On 2014-03-05 05:04, Tom Davies wrote:
Imagine a schoolkid getting beaten up every day by a bully

How do you convince people of the truth?  What happens if all the kids
gang up together?

In this analogy, who is the bully and who is the kid out of luck?  I
understand, you intend the bully to be the corporation and possibly the
end-users, and the kid to be the free software project.

All too often with free software projects (more so in the past decade than
the one previous), it seems like there are multiple groups of antagonists.

One group is usually a corporation, and the other is a group of bullies who
make up the consensus of the developers and/or community support list.  Both
sides give the impression that they want nothing to change, nor do they care
about common use cases which reveal problems.

The end user who simply encounters a problem and would merely like to do
whatever they are able to help troubleshoot something and improve the
situation gets hostility from all sides.

The end-user becomes conditioned to not want to provide any feedback
whatsoever.  The community then arrives at the delusion that there is no
problem, and becomes further entrenched and hostile towards the next
end-user.

Meanwhile, end-users encounter this situation multiple times, year after
year, with many other projects, eventually develop an aversion to any
interaction with free software projects.  At the very least with the
community portion, anyways.

On the other hand, if a project became too popular too fast, it could
collapse from having too many users without adequate momentum.  So I suppose
actively discouraging people from using the software by bullying anyone who
mentions any problem keeps the project alive at a certain stage.

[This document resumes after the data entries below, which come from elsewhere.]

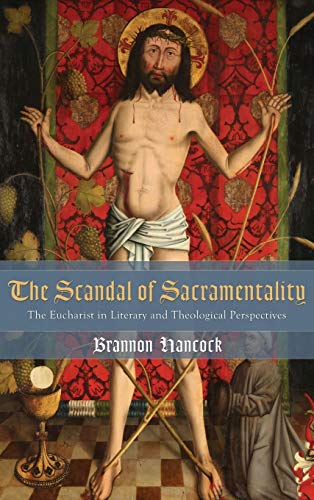 The Scandal of Sacramentality: The Eucharist in Literary and Theological Perspectives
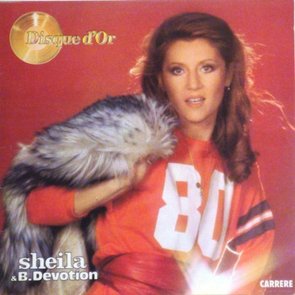Disque d'Or - Sheila & B.Devotion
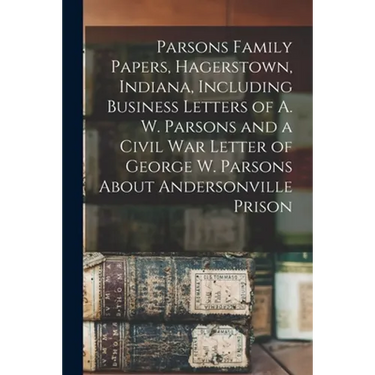 Parsons Family Papers, Hagerstown, Indiana, Including Business Letters of A. W. Parsons and a Civil War Letter of George W. Parsons About Andersonvill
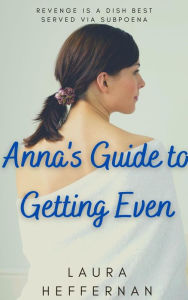 Title: Anna's Guide to Getting Even, Author: Laura Heffernan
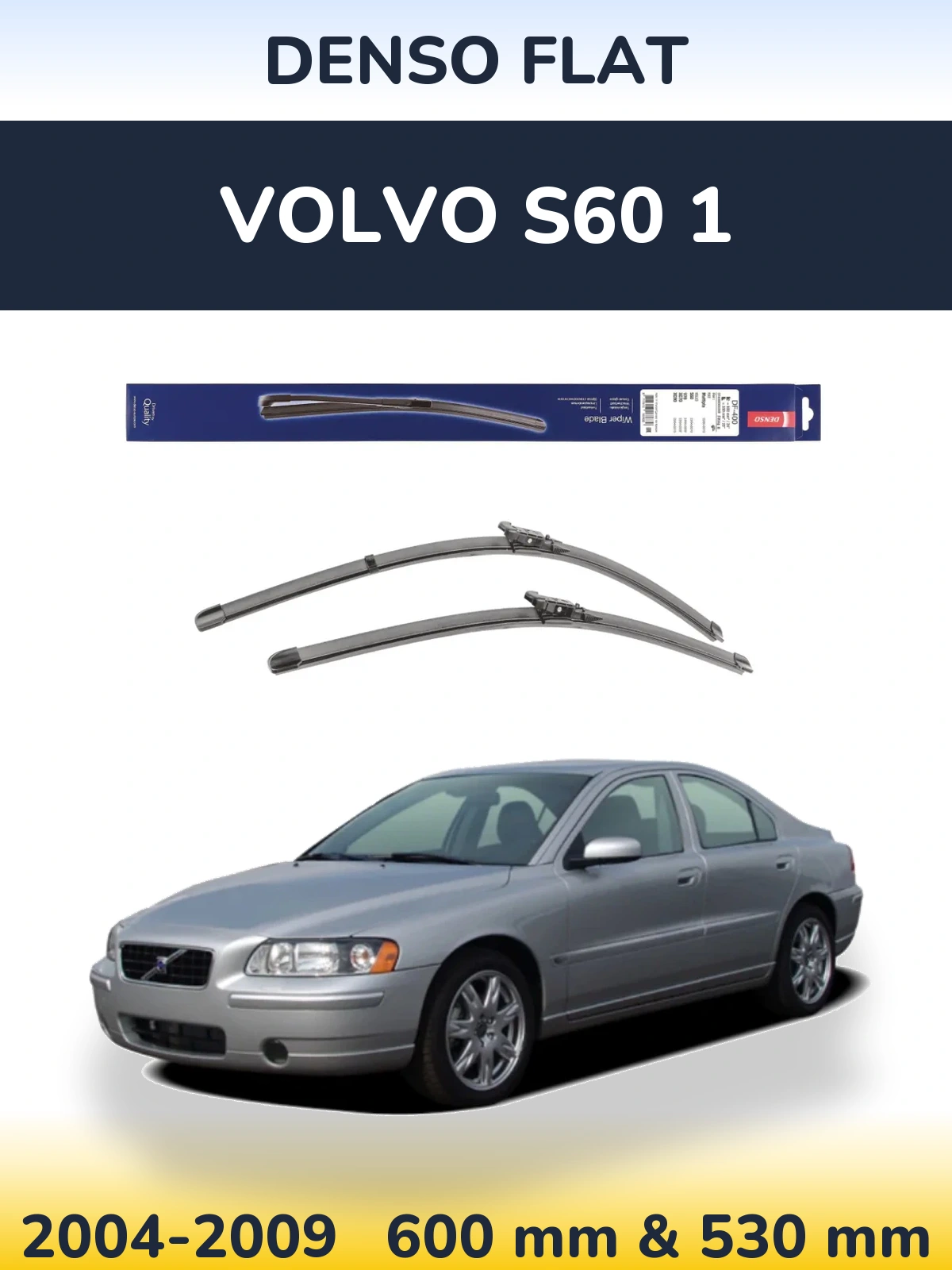 Ștergătoare Denso Flat pentru Volvo S60 1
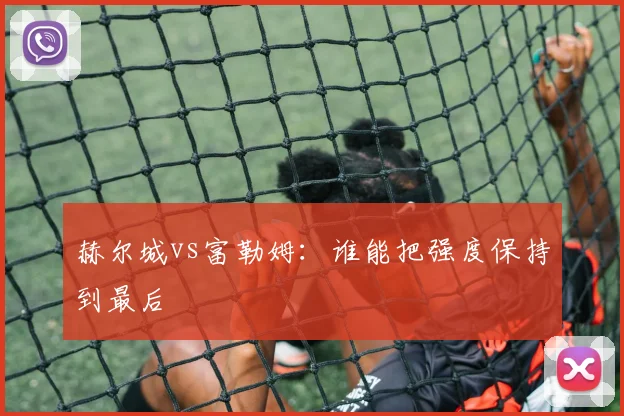 赫尔城vs富勒姆：谁能把强度保持到最后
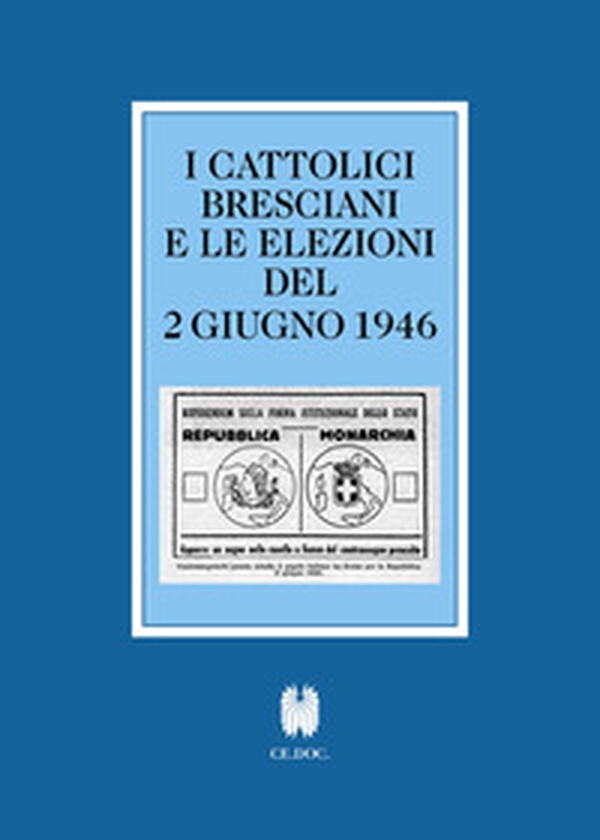 I cattolici bresciani e le elezioni del 2 giugno 1946. Testi e documenti - Librerie.coop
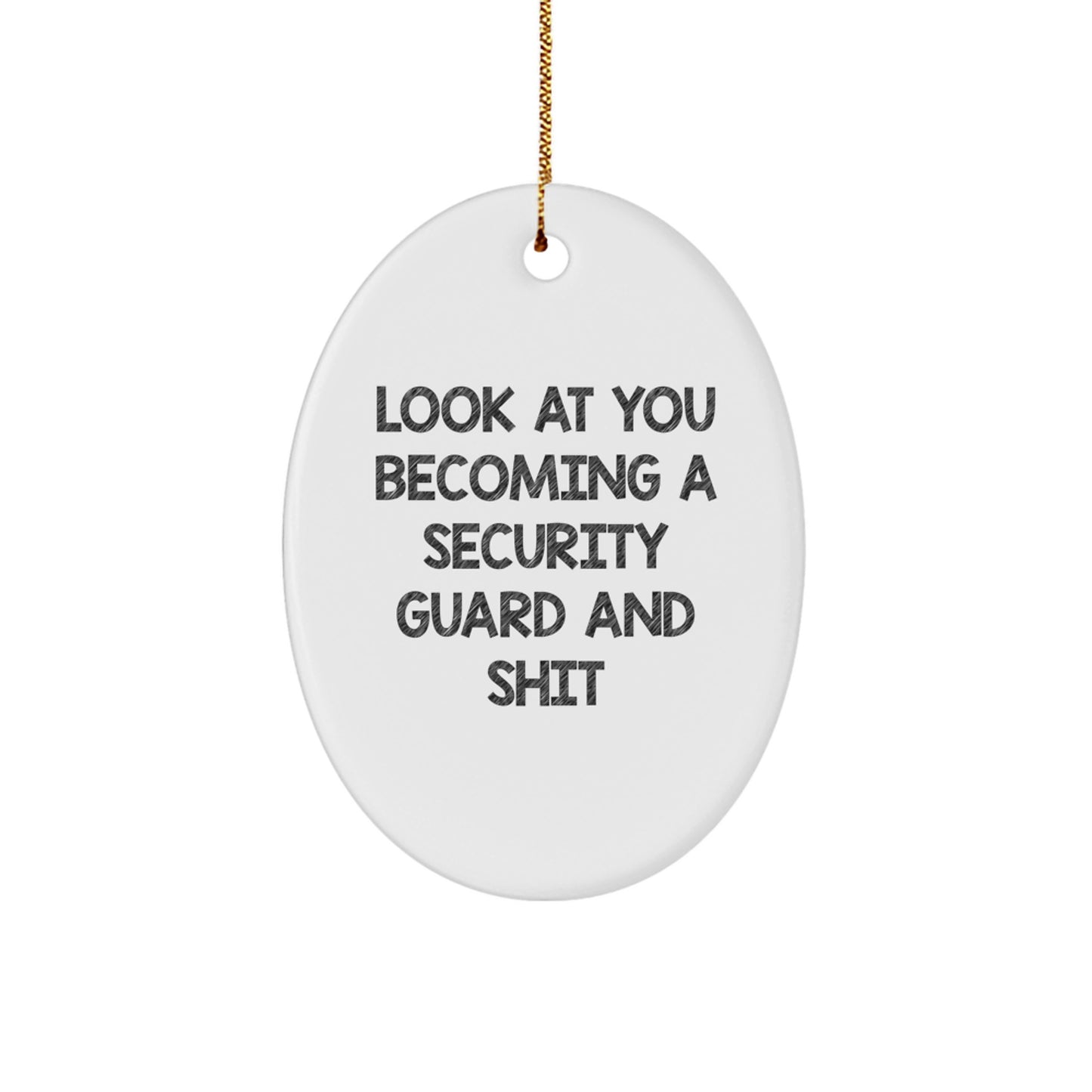 Funny Security Guard Oval Ornament Gifts for Security Guard Friends and Family, Unique Christmas Unique Gifts from Men, Women, Coworkers - Image 1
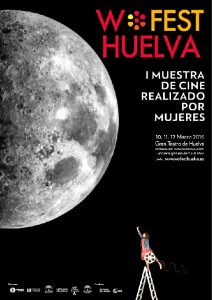 Cartel de WOFEST HUELVA, I Muestra de Cine realizado por mujeres.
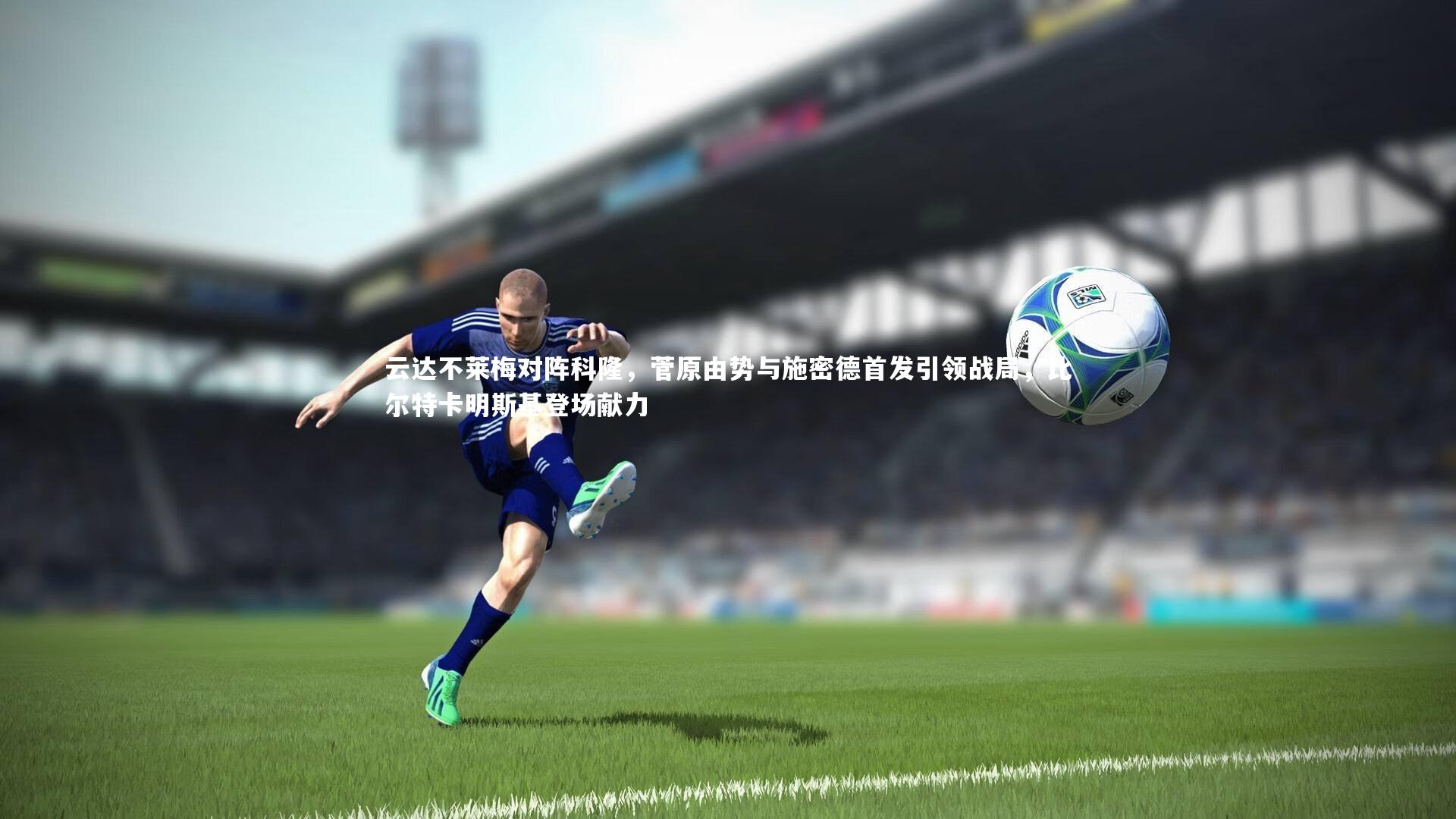 云达不莱梅对阵科隆，菅原由势与施密德首发引领战局，比尔特卡明斯基登场献力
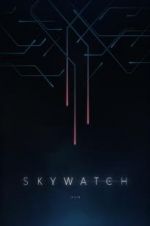 Watch Skywatch Vodlocker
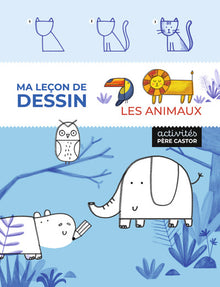 Ma leçon de dessin - Les animaux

Quite a perverse dichotomy.  Most unfortunate.  Slightly amusing.

Regardless -- and sometimes against my better judgement -- I still ping
random projects from time to time when I encounter a problem, have an idea,
or even a question, in the hopes that I get a friendly response and am
welcomed to the opportunity to help make a difference.  :)  Although
increasingly rare these days, it does happen, and those are the moments when
I feel empowered, inspired and elevated, if only for a brief time, until I
contribute a useful bug report or patch.  That was the experience which
initially drew me to free software, back when few people knew that free
software existed.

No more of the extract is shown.